For retailers, the process of getting Amazon products from suppliers in China to the Amazon fulfillment center is increasingly being handled by Amazon. And once cargo arrives in the US, using Amazon Global Logistics of course, shippers can now book a truck using Amazon Freight. At every step, the seller is getting more affordable prices thanks to Amazon’s vast volumes and the leverage they provide in negotiations with transportation providers, or better access, while customers are getting more products, faster.

Amazon is doing everything right. They are brilliantly leveraging their near-monopoly of e-commerce buyers to create a monopoly for e-commerce sellers, and now to become a dominant provider of logistics from storage to ships, planes, and trucks.

But this market dominance, along with the tendency for that dominance to creep outward into other sectors, and the challenges this poses for any competition, create a force that should be addressed.

As both a consumer and the leader of a freight marketplace provider, I welcome Amazon. I have a Prime subscription, and a good 20 percent or more of companies buying freight services via Freightos.com are Amazon sellers. But even as a company and individual that benefits, I firmly believe that regulation of Amazon is critical to ensure fair competition in the logistics space.

Zvi Schreiber is the founder and chief executive officer of Freightos, a freight marketplace and rate management software provider. Contact him at zvi@freightos.com.

Comments

Excellent article. Feels like Amazon learning from China. China was ignored for a long time as they played unfairly, pennetrated the global economy & now their tentacles are everywhere.

Amazon is forcing us to better differentiate ourselves in the market place. This is a good thing for everyone. If you want to be the best, you need to play against the best:)

Once you accept that Amazon is Standard Oil in the 21st Century, it becomes a lot easier to see why they've made moves the last few years that initially seemed crazy.

Zvi, you haven't explained or articulate your concept of fairness. So when you declare that it's "unfair" for Amazon to do business in a new sector, or that it has an "unfair" advantage, it's not clear what you mean. You haven't presented an argument here, just some declarations of unfairness. Any regulation of a successful company will only serve to prop up the competitors who lobbied for the regulation and increase the price of goods. I consider that unfair. I wouldn't want to do anything, policy-wise, that would increase the price people have to pay for goods and services. Amazon has done an incredible job of lowering the prices of a lot of the things we routinely buy, and has made a vast selection of goods and services available to people wherever they live. I grew up in small-town Arizona, and we had very little access to goods and services because there were hardly any stores in town. It's incredible what we can order from Amazon these days.

Jose, I think part of it is that Amazon is replacing Wal-Mart in the minds of people who viewed Wal-Mart's rise in the 90s and 00s as the death of small business in America, particularly the home town mom-and-pop outlets.

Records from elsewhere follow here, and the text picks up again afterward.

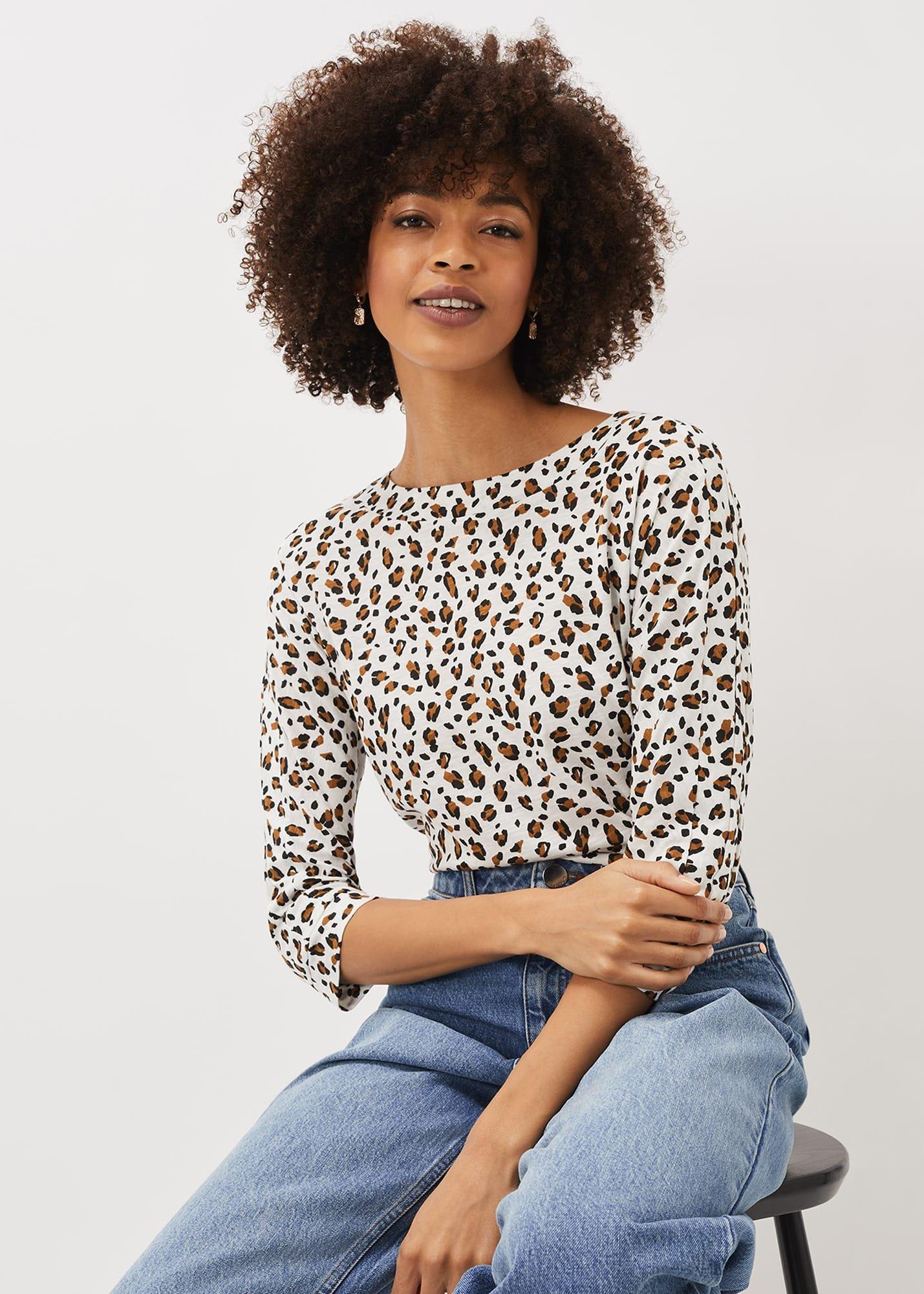 Florentine Leopard Print Top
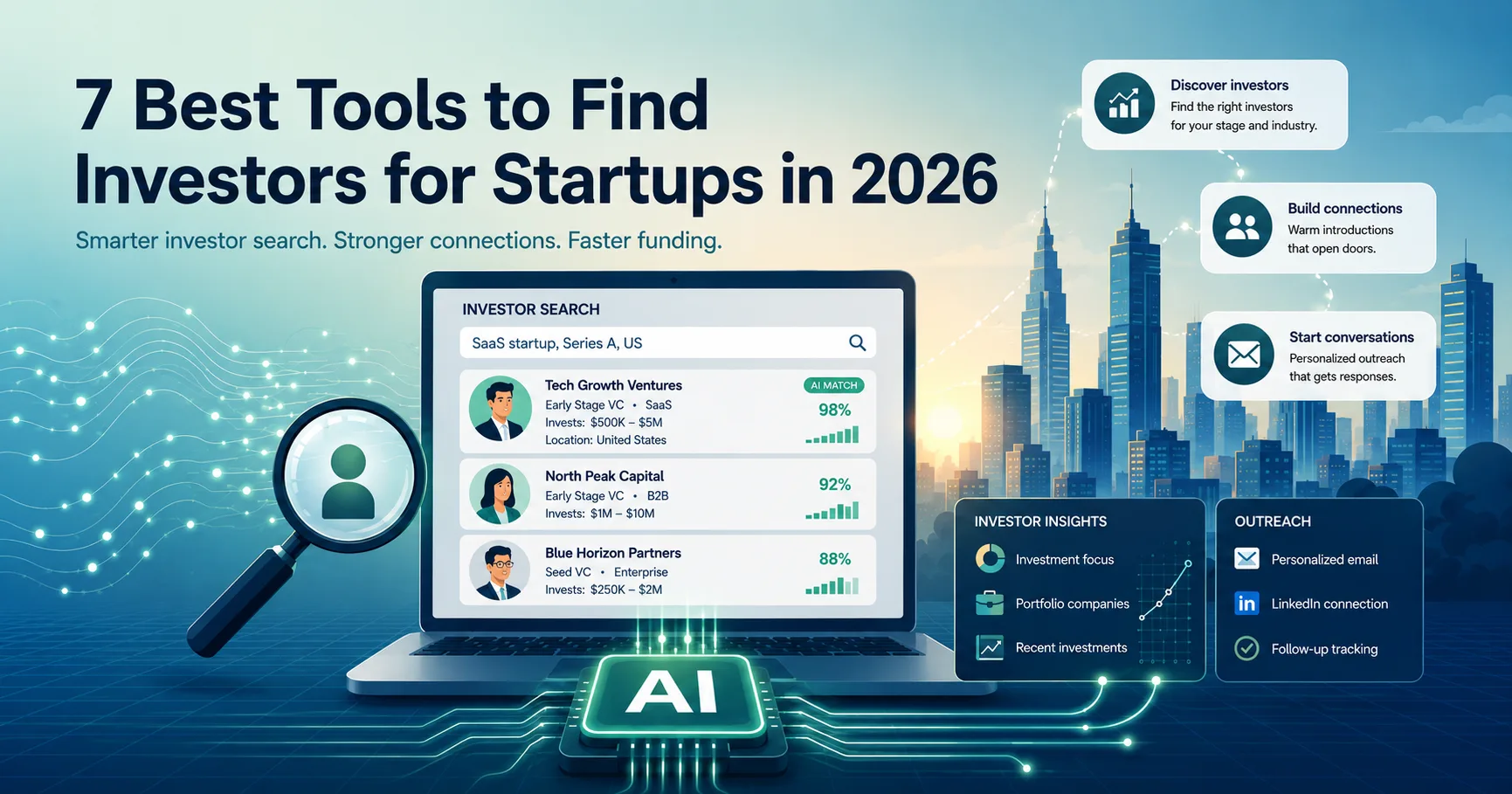 7 Best Tools to Find Investors for Startups in 2026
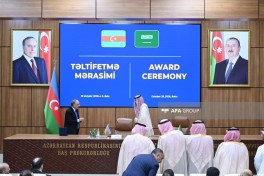 Head of Saudi Arabia's anti-corruption authority awarded medal in Azerbaijan - PHOTO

Whether that's true or not is sort of beside the point here, but there are parallels. Wal-Mart developed a network and scale never seen before and could rally so much buying power that it could still make money offering the prices it did, which no one else could. Amazon is similarly developing a network on a scale never seen before and in ways only theoretically possible before because no corporation had the will to invest in it (or need, as it were... e.g. an in-house cargo airline). A concern with Amazon, I think, is that they present a significant competitive risk. Whether their intent is to be a monopoly is, likewise, beside the point. At some point, even without knowing the absolute intention of an organization, there has to be a serious discussion of the risk Amazon presents in terms of integration (which they are very obviously doing) and monopoly.